WORK TO BE COMPLETED | Return the lines below exactly, please, from the one containing "ISO 5220:1981/Add 1:1984" through the last one, both included, and leave out any pictures.

● ● ● ● ● ● ●

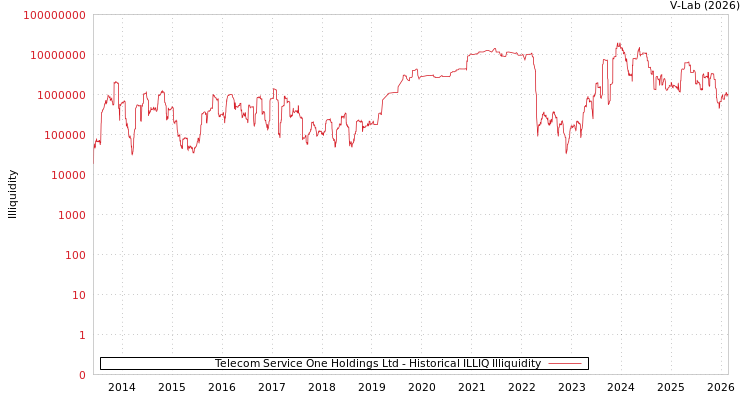 graph of Telecom Service One Holdings Ltd ILLIQ-HIST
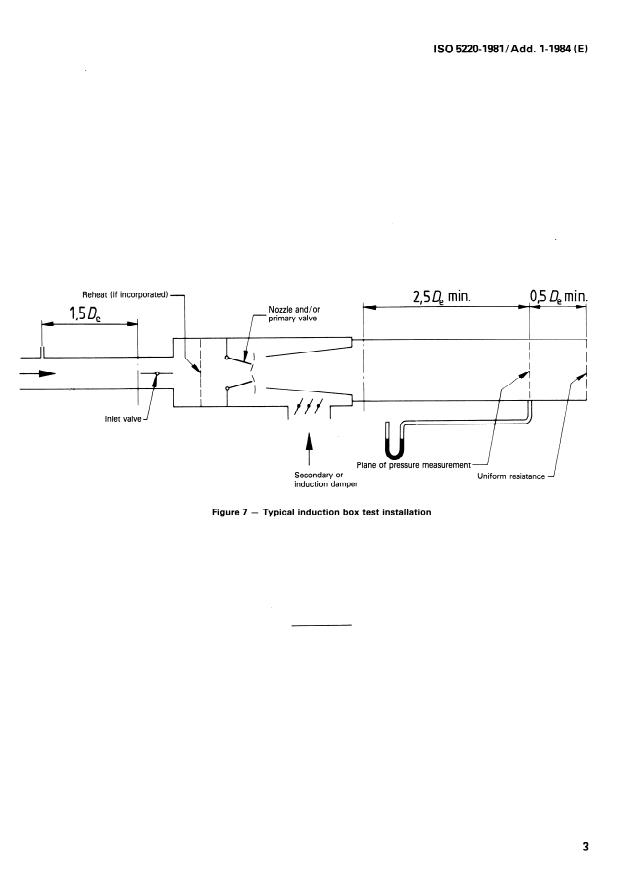 ISO 5220:1981/Add 1:1984 - Variable primary flow rate control devices with induced flow facility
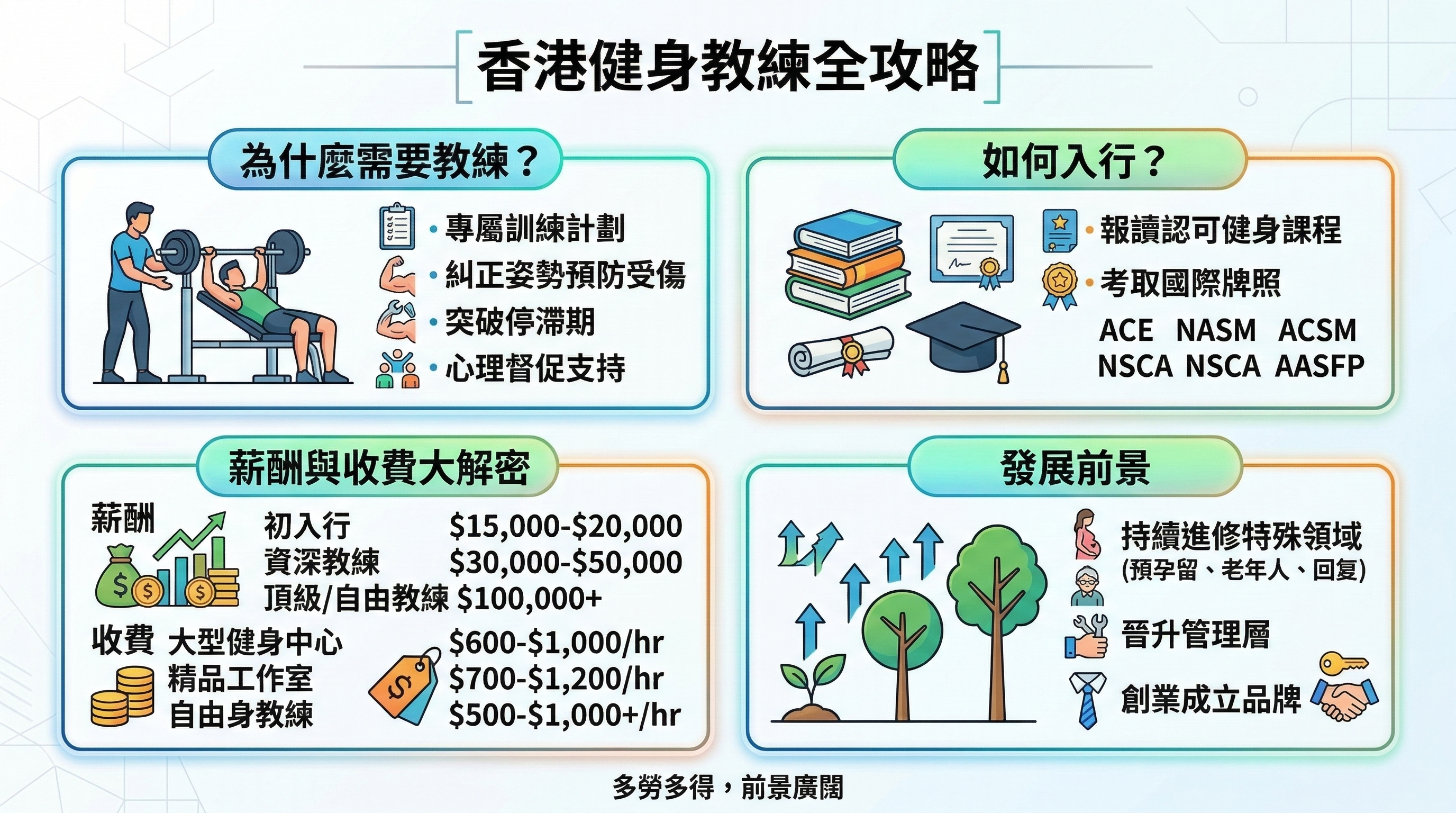 Image of 【香港健身教練全攻略】入行條件、考牌課程、人工收費及發展前景一覽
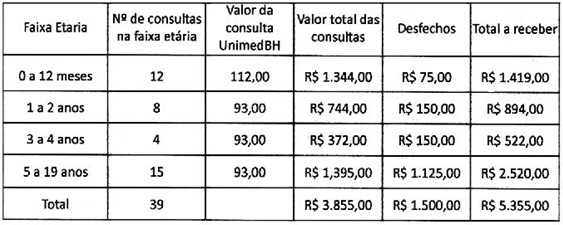 Tabela III – código puericultura julho/2014 – Unimed-BH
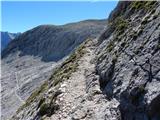 Parkirišče Alpspitzbahn - Alpspitze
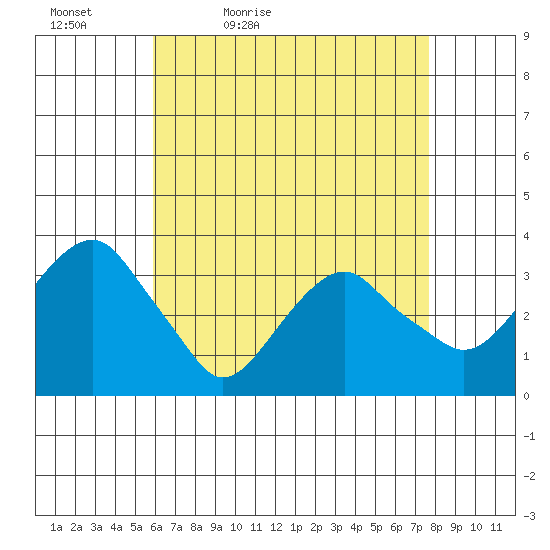 Saybrook Jetty tide chart for Tuesday, April 25, 2023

● ● ● ● ● ● ●

SOLVED PROBLEM |
 ISO 5220:1981/Add 1:1984 - Variable primary flow rate control devices with induced flow facility
 Image of 【香港健身教練全攻略】入行條件、考牌課程、人工收費及發展前景一覽
 Tabela III – código puericultura julho/2014 – Unimed-BH
 Parkirišče Alpspitzbahn - Alpspitze
 Saybrook Jetty tide chart for Tuesday, April 25, 2023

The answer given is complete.